- Source records
===============
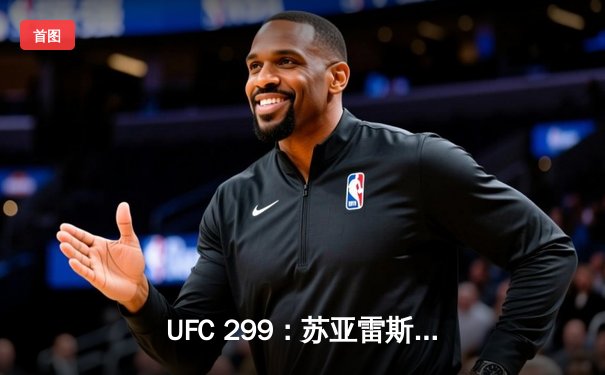 UFC 299：苏亚雷斯TKO终结安德拉德，中国力量闪耀八角笼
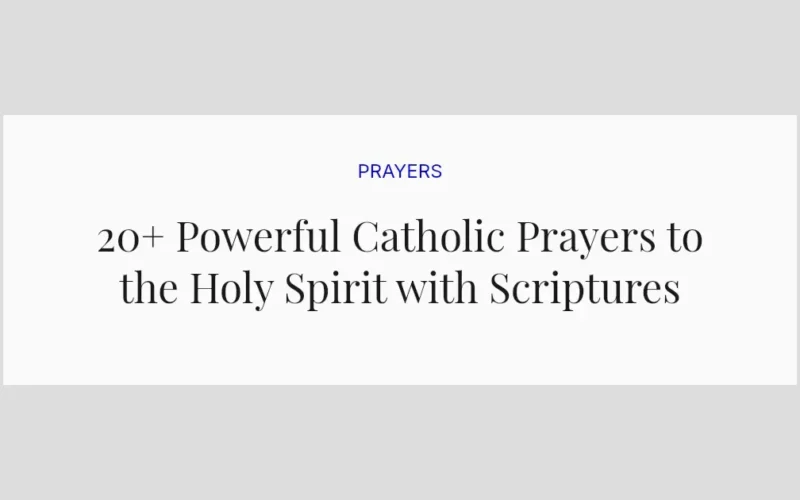 20+ Powerful Catholic Prayers to the Holy Spirit with Scriptures
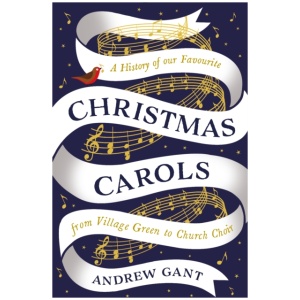 Christmas Carols: From Village Green to Church Choir
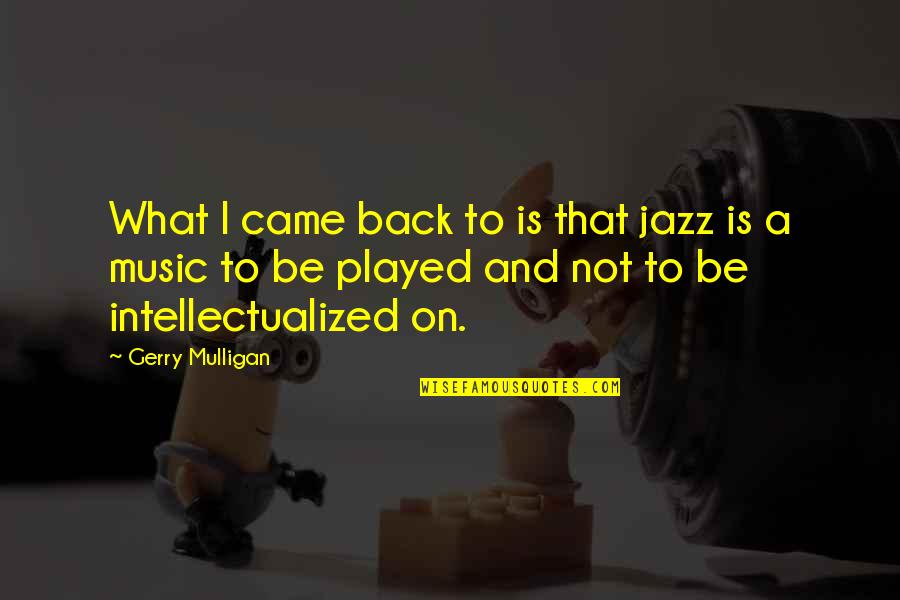 My Dawg Quotes By Gerry Mulligan: What I came back to is that jazz My Dawg Quotes By Gerry Mulligan: What I came back to is that jazz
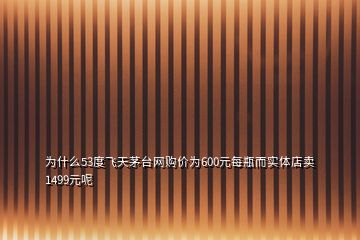 為什么53度飛天茅臺網購價為600元每瓶而實體店賣1499元呢
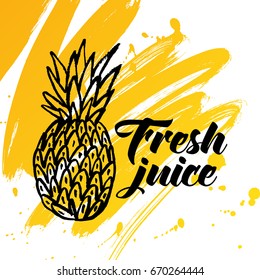 Hand drawn fresh pineapple juice vector illustration.
Eco products design element. 
Freehand pineapple. Colorful tropical fruit. 
Abstract ink splashes.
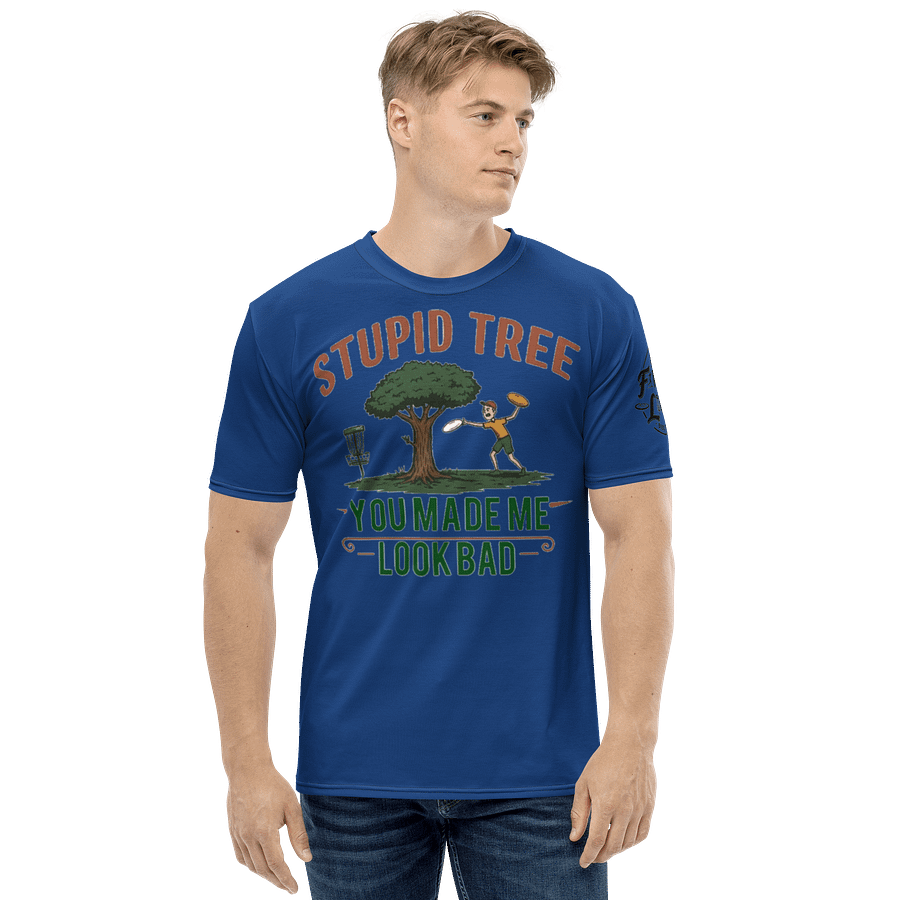 Fancy Lads Men's Blue T-Shirt "Stupid Tree You Made Me Look Bad" product image (4)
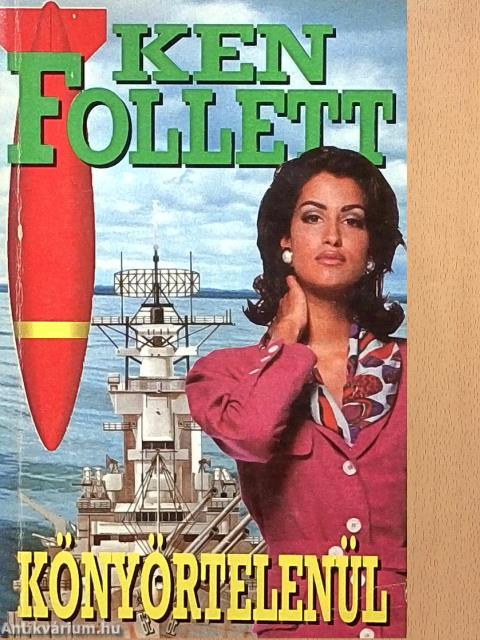 Könyörtelenül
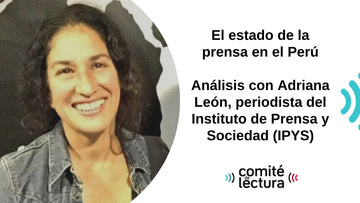 El estado de la prensa en el Perú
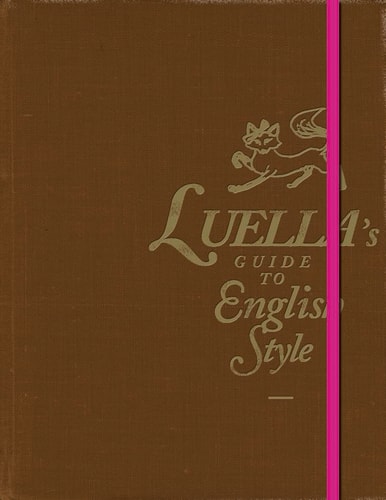 Luella's Guide to English Style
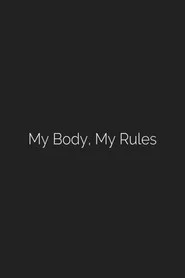 My Body, My Rules
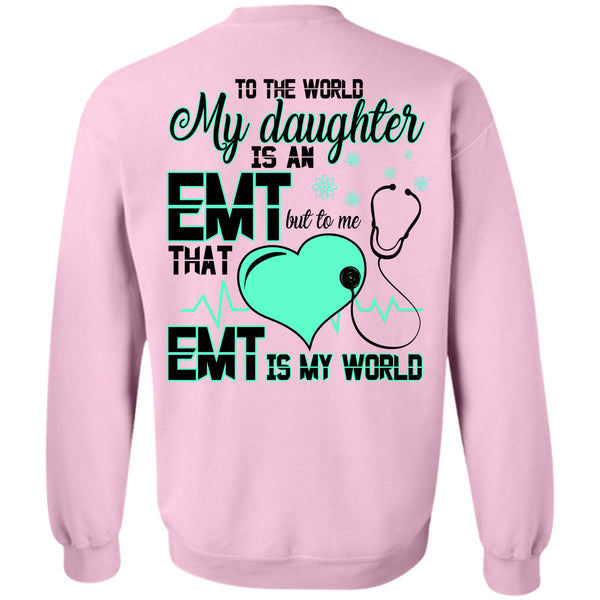 Being A Doctor T Shirt, EMT Is My World Sweatshirt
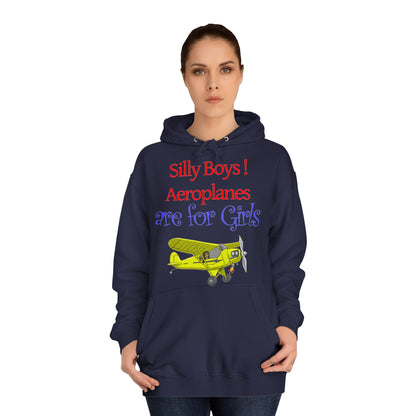 Silly Boys, Aeroplanes are for Girls ! College Hoodie - Funky Aviation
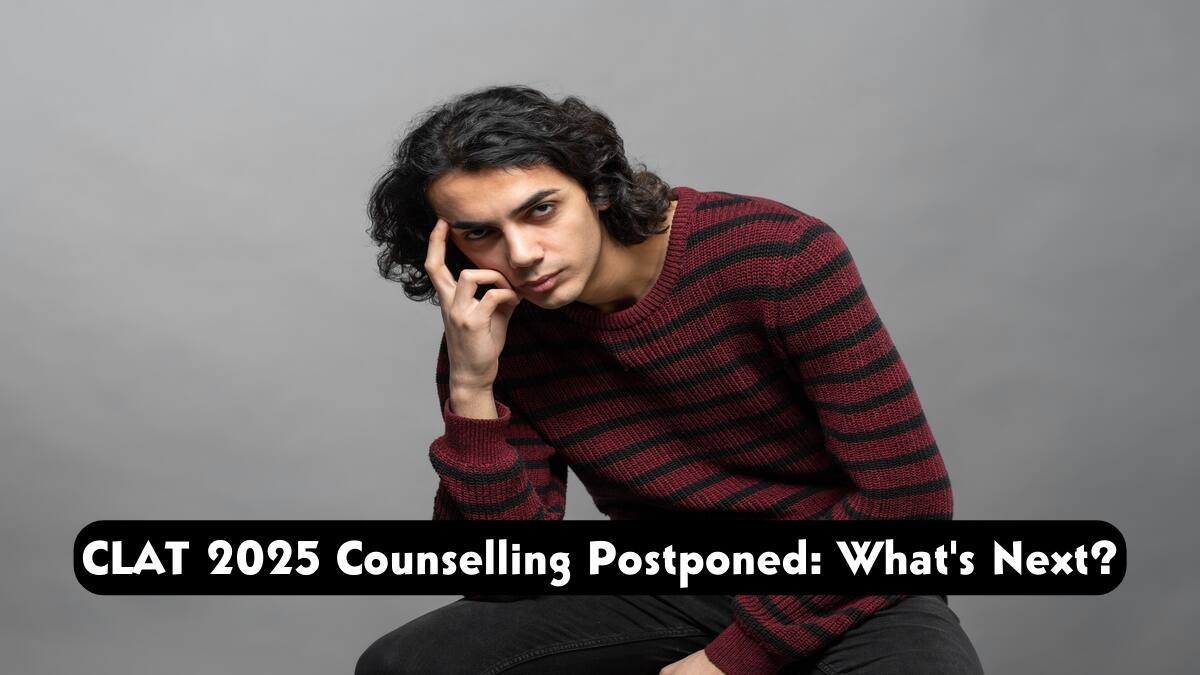 CLAT 2025 Counselling Postponed till Further Notice; What Lies Ahead?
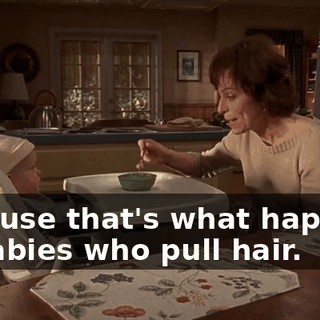 because that's what happens to babies who pull hair.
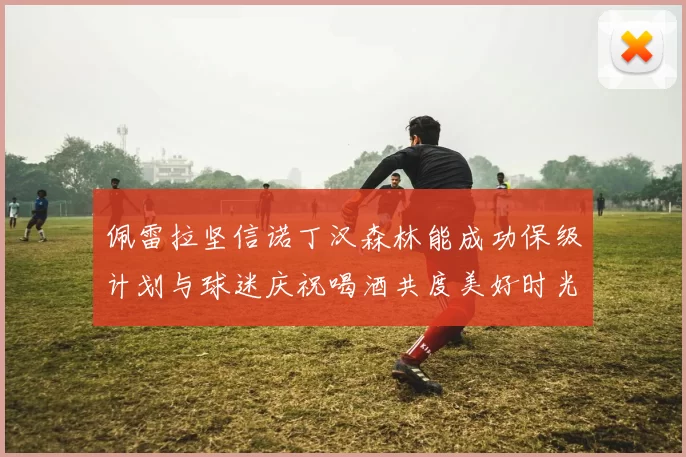 佩雷拉坚信诺丁汉森林能成功保级计划与球迷庆祝喝酒共度美好时光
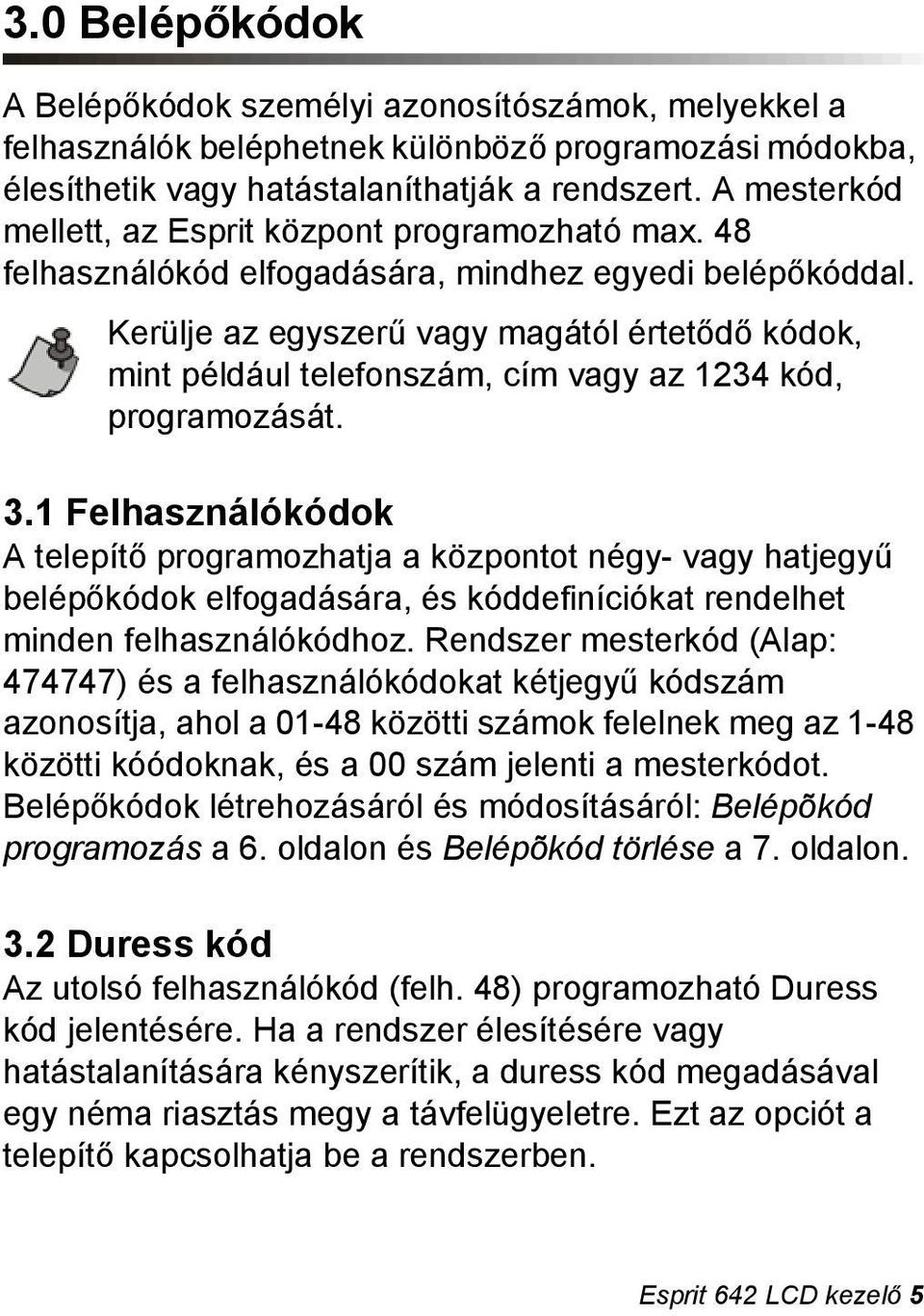 Kerülje az egyszerű vagy magától értetődő kódok, mint például telefonszám, cím vagy az 1234 kód, programozását. 3.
===============
- Exercise directions
Omit all pictures while transcribing the entries verbatim.

- Task response
 UFC 299：苏亚雷斯TKO终结安德拉德，中国力量闪耀八角笼
 20+ Powerful Catholic Prayers to the Holy Spirit with Scriptures
 Christmas Carols: From Village Green to Church Choir
 My Dawg Quotes By Gerry Mulligan: What I came back to is that jazz My Dawg Quotes By Gerry Mulligan: What I came back to is that jazz
 為什么53度飛天茅臺網購價為600元每瓶而實體店賣1499元呢
 Hand drawn fresh pineapple juice vector illustration.
Eco products design element. 
Freehand pineapple. Colorful tropical fruit. 
Abstract ink splashes.
 Fancy Lads Men's Blue T-Shirt "Stupid Tree You Made Me Look Bad" product image (4)
 Könyörtelenül
 El estado de la prensa en el Perú
 Luella's Guide to English Style
 My Body, My Rules
 Being A Doctor T Shirt, EMT Is My World Sweatshirt
 Silly Boys, Aeroplanes are for Girls ! College Hoodie - Funky Aviation
 CLAT 2025 Counselling Postponed till Further Notice; What Lies Ahead?
 because that's what happens to babies who pull hair.
 佩雷拉坚信诺丁汉森林能成功保级计划与球迷庆祝喝酒共度美好时光
 Kerülje az egyszerű vagy magától értetődő kódok, mint például telefonszám, cím vagy az 1234 kód, programozását. 3.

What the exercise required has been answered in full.